Posted 12:00 (GMT) 27th August 2008 by David J. Bishop

Okay, stop me if you've heard this one. A short bald man walks into a bank and says "Excuse me, you have a checking account that's free. Really?" "Yep, the WaMu free checking account," says the pretty red-headed woman behind the till. As names for free checking accounts go, this one is pretty imaginative. She goes on: "Comes with free cheques for life and free ATM cash withdrawals." But by this point, the man isn't listening. He's lost in his own little world where he's driving down a highway in the sun, the wind in his hair (yes, he suddenly sprouts long hair out of his bald head) and Twisted Sister blaring on the radio, not a care in the world. He pounds his fist in the air triumphantly and as the car speeds away we see the licence plate reads 'WH00-H00'. "You also get free ID theft services," the girl adds, breaking him from his reverie. But this guy's already sold. All he can say in response is, "Nice." Then we cut to a plain green field and a voiceover which says: "WaMu free checking: we don't nickel and dime you." The words on the screen read 'Whoo hoo!TM' (Really? TM?) and some other voice-over says "Whoo-hoo" in a sort of half-hearted way. It's lack-lustre. Like he's found a free paper clip. I'll go over why that's one of the stupidest commercials I've ever seen in a second - and yes I did see it, I'm not just telling you a story about a bald man opening a WaMu account. It's a real commercial, I swear to God.

Yeah, so, I'm watching a lot of American TV online these days and so that means I'm being exposed to a lot of American ads. And they're completely different to European advertisements, catering as they do to a completely different set of expectations. Over here adverts are all sizzle, no sausage - they're not selling you sausages, they're selling a lifestyle. They want you to want to be the kind of person that buys this brand of sausage. All the American adverts I've seen, on the other hand, set their expectations a lot lower. They just want you to buy the sausage and if they can get to the end of the advert without convincing you it's poisonous their work here is done. American advertisers seem to think that the best way to sell whatever it is they're selling is to just show you other people using the product and finding it satisfactory.
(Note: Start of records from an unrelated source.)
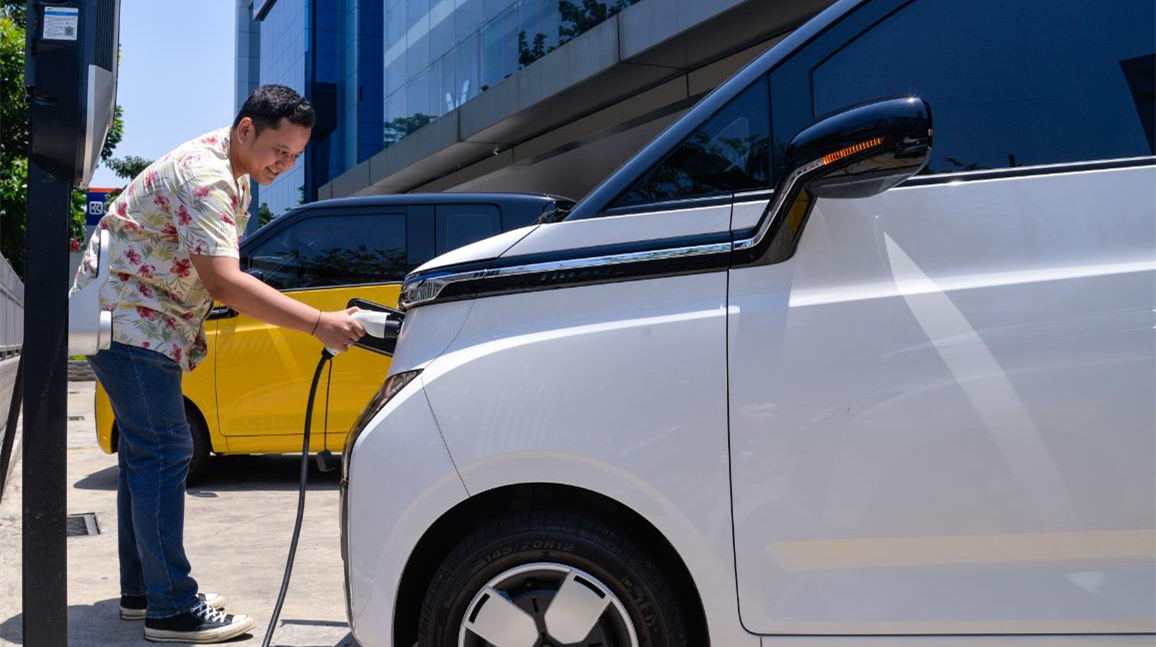 【財(cái)經(jīng)點(diǎn)對(duì)點(diǎn)——年度展望】新能源車(chē)降了一年的價(jià)  來(lái)年前景如何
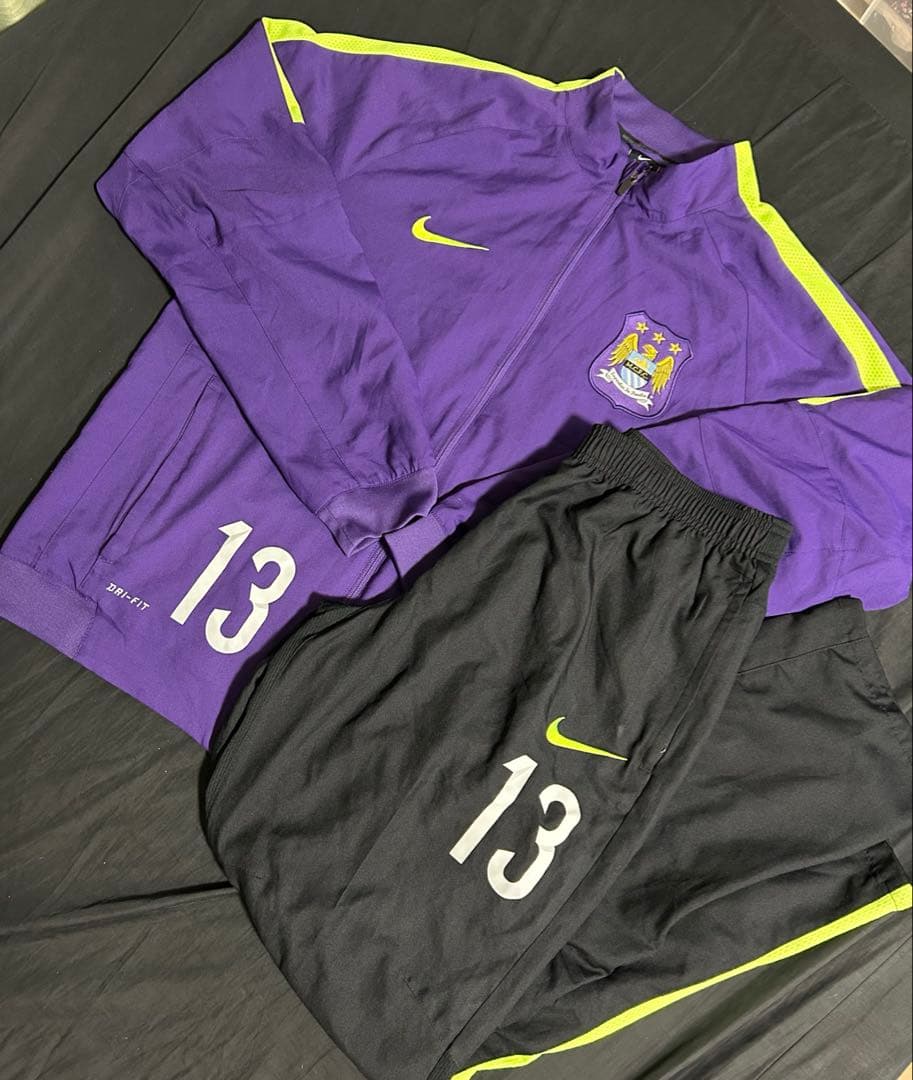 【希少2XL】マンチェスター・シティ トラックスーツセットアップ パープル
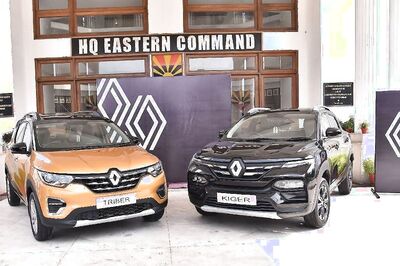 Renault India Donates Triber and Kiger to Indian Army's Eastern Command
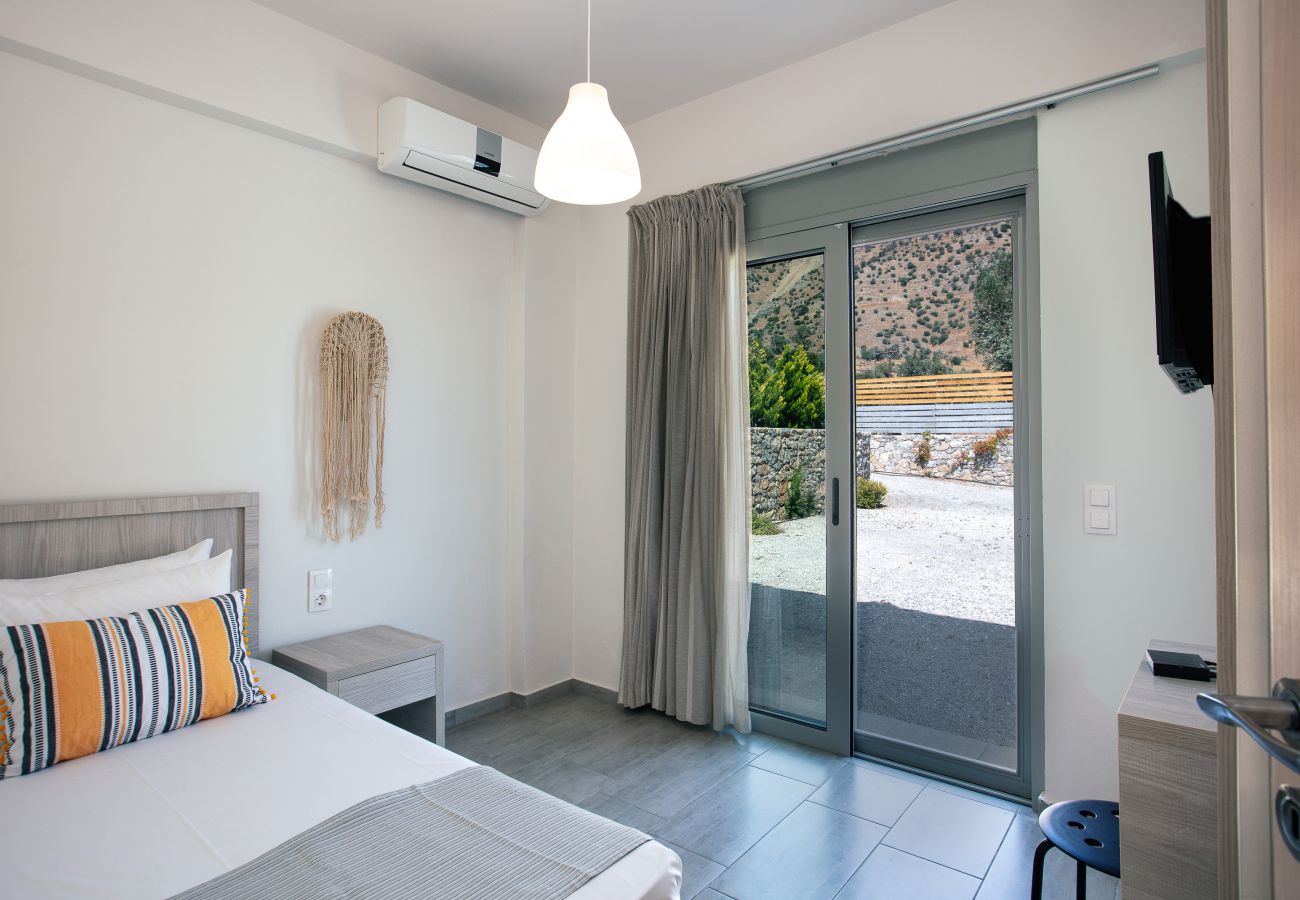 Bedroom of the Evgoros Ouranos villa, Agia Galini Villa in Agia Galini - Evgoro Ouranos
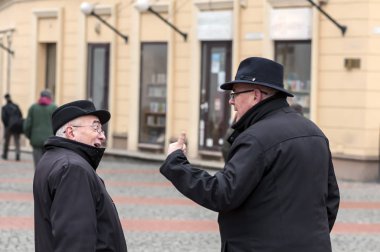 İki kişi konuşuyor.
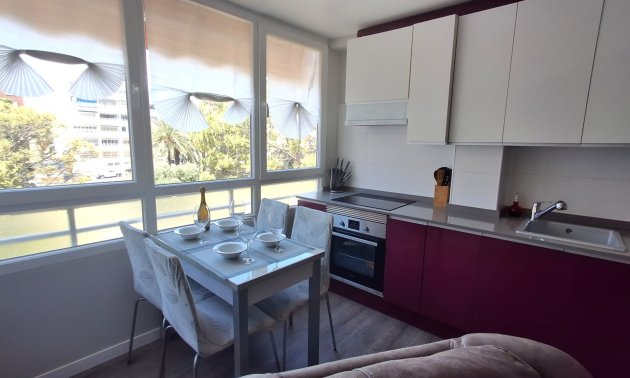 Resale - Apartment / flat -
Torrevieja - Playa Del Cura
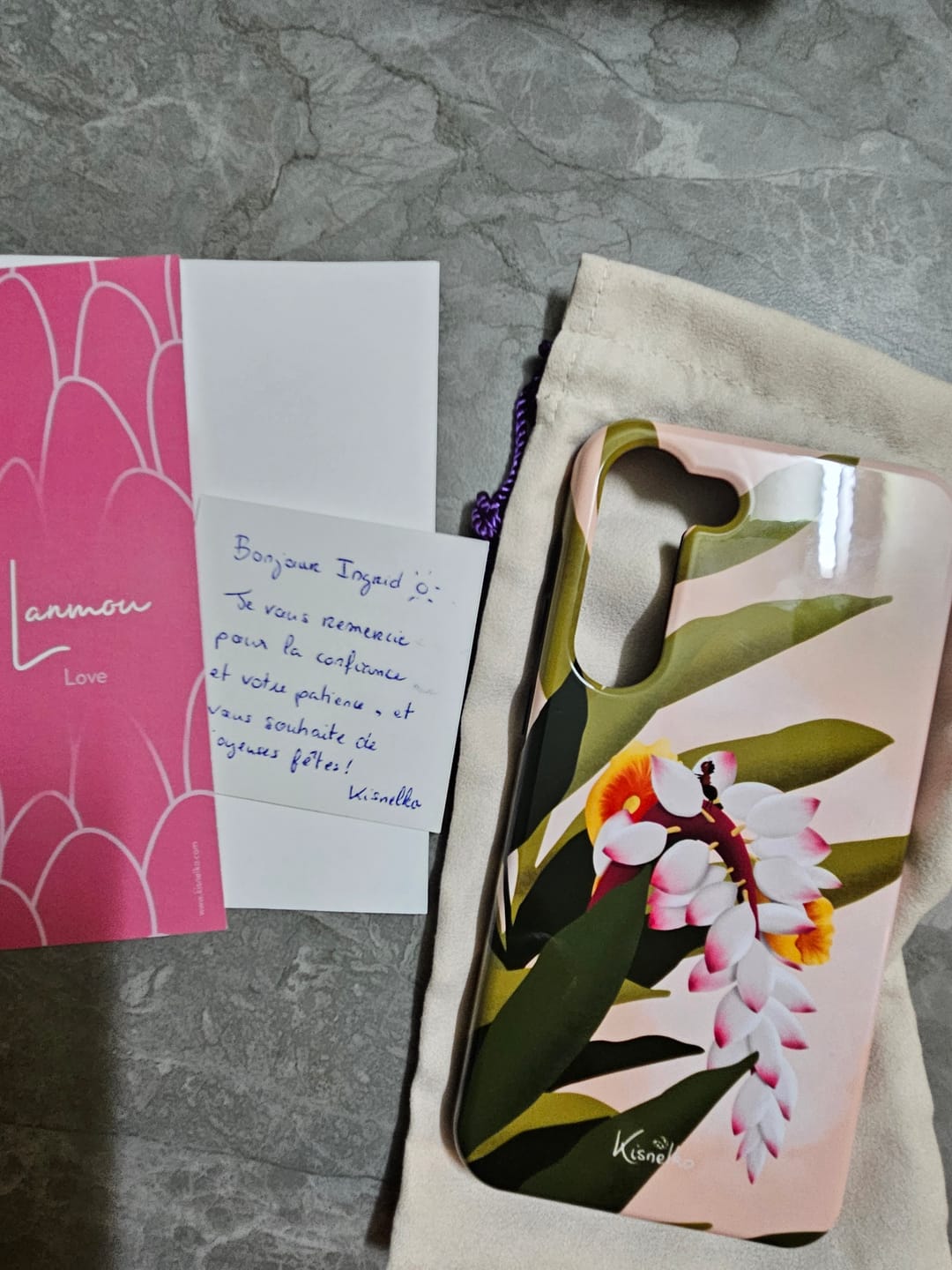 Customer photo review of Coque Fleur d'Atoumo
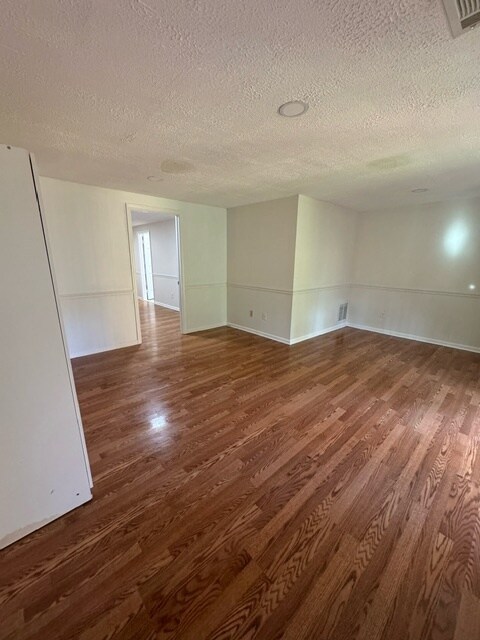 Foto del edificio - 1143 Knoll Mist Ln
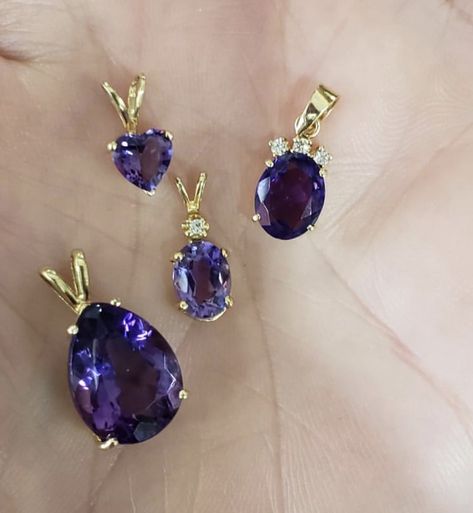 Gemstone Pendant Design, Gem Gossip, Birthday Gemstones, Color Stones Jewelry, Gold Basket, Pretty Jewelry Necklaces, Gold Jewelry Simple Necklace, Multi Gemstone Ring, Amethyst Necklace Pendant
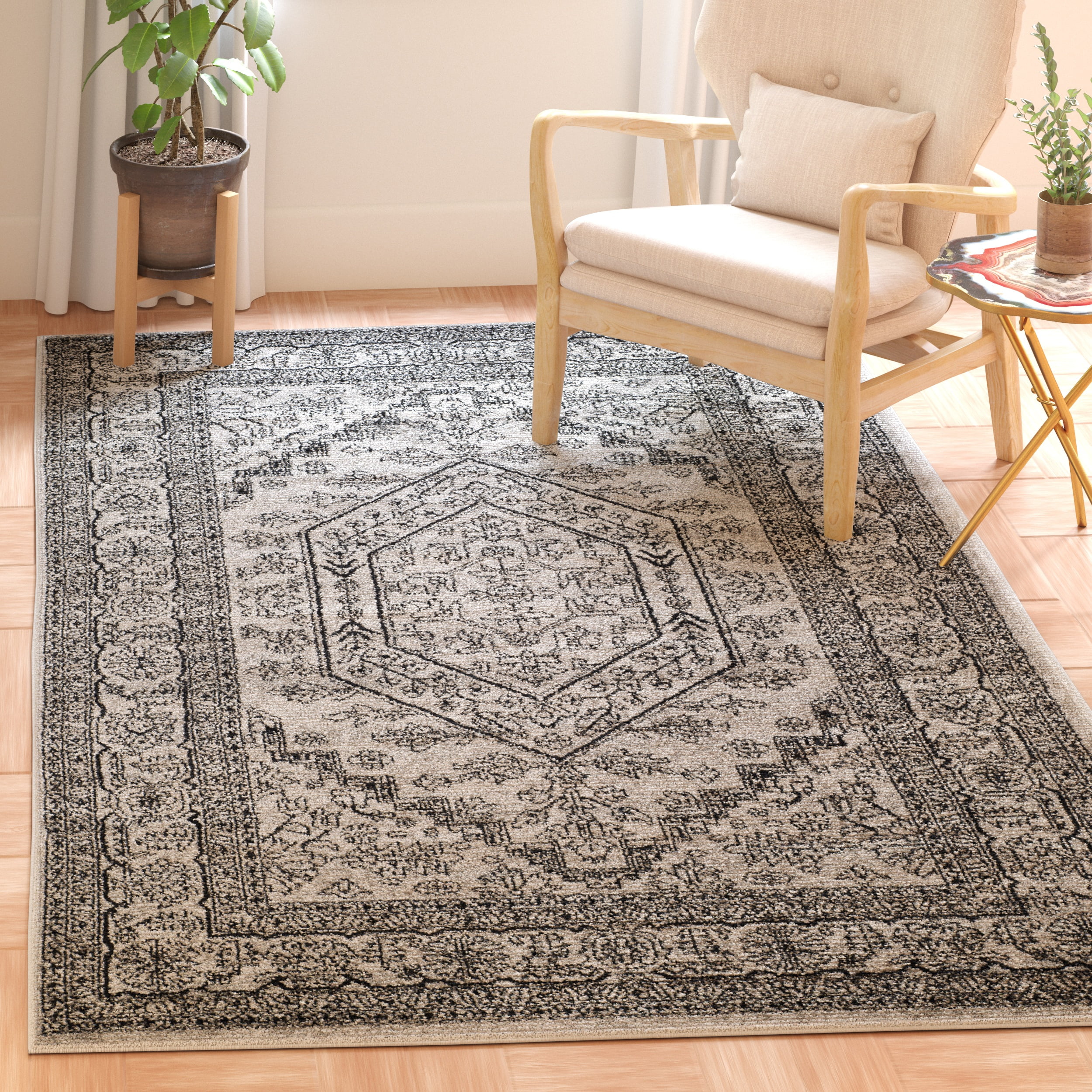 Safavieh Adirondack Xavier Oriental Area Rug, Silver/Black, 5'1" x 7'6"
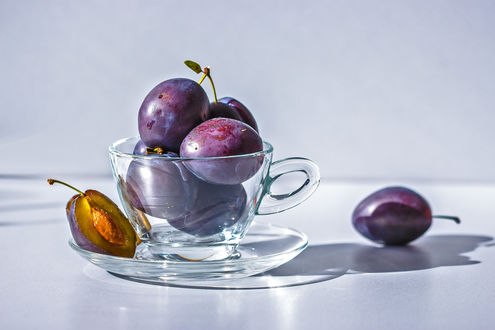 Обои на рабочий стол Сливы в чашке и на столе, by NellyGraceNG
Perfect example, some guys in uniforms go on the streets, in some sort of lorry, taking a cereal on tour like it's a rock band. They accost passers-by and urge them to try new 'Honey Bunches of Oats'. The people in the advert try it and seem to like it - Fin. These aren't even real people doing this taste test, they're actors. You can tell from the way they behave and from the quality of the film - these are people pretending to be members of the public trying a cereal. The message we get is: "Look at these people pretending to like this product. You might actually like it. Still, regardless of how it really tastes, none of them are dead." They have demonstrated, at least, that Honey Bunches of Oats are not in fact poison. Obviously when this idea was first storyboarded and pitched on the space station orbiting Earth in which all adverts are made they had the idea of actually taking the cereal on tour and filming real people eating it. Why they didn't just go with that idea, why they instead chose to fake it, is lost on me. Perhaps they were looking for a more genuine response than Americans' genuine response. Perhaps some people didn't like the oat bunches, honeyed as they were, and they thought editing out those negative comments would be dishonest - and so instead decided to stage the whole thing. It makes me think that maybe they couldn't find anyone who liked it. But this much we know: it won't kill you to try the freaking cereal. Try it, why not? Like I said, lower expectations.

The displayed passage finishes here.